The Baker-Polito administration recently awarded $50,000 to the town of West Tisbury for The Trustees of Reservations to conduct savanna and scrub oak-heath shrubland restoration at Long Point Wildlife Refuge, according to a press release.
In total, $307,631 has been awarded to individuals, municipalities, and organizations across the state for projects to improve habitat for native Massachusetts wildlife.
The grants are provided through the Wildlife Habitat Management Grant Program, administered by the Department of Fish and Game’s Division of Fisheries and Wildlife, and will support 10 wildlife habitat improvement projects totaling 308 acres in nine Massachusetts communities.
According to the release, the projects are also designed to complement ongoing habitat management efforts on state lands, and promote opportunities for hunting, fishing, wildlife viewing, and other outdoor recreation.
Russ Hopping, ecology program director for The Trustees, told The Times the nearly 400 acres they manage at Long Point Wildlife Refuge contain the second largest number of rare flora and fauna among the roughly 27,000 acres they steward across Massachusetts.
These historically and ecologically rich grassland habitats, according to Hopping, require upkeep and periodic rehabilitation in order to maintain the same level of biodiversity.
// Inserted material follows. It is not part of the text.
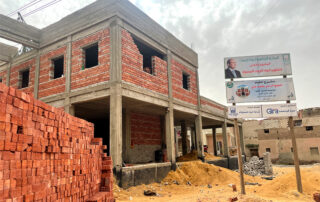 Briques rouges et petits blocs de béton imbriqués dans la construction d’un bâtiment public dans l’oasis du Fayoum © C. Perez-houis, mai 2022.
For more than 30 years, The Trustees have mowed, conducted prescribed burns, and taken other measures to preserve the many rare species that exist in the refuge.
This grant will target 52 acres of savanna at Long Point, and will help manage the scrub-oak heath understory in order to maintain the mosaic of plants and animals that make the refuge an ecological treasure. Hopping said The Trustees are aiming to have the restoration work completed before April.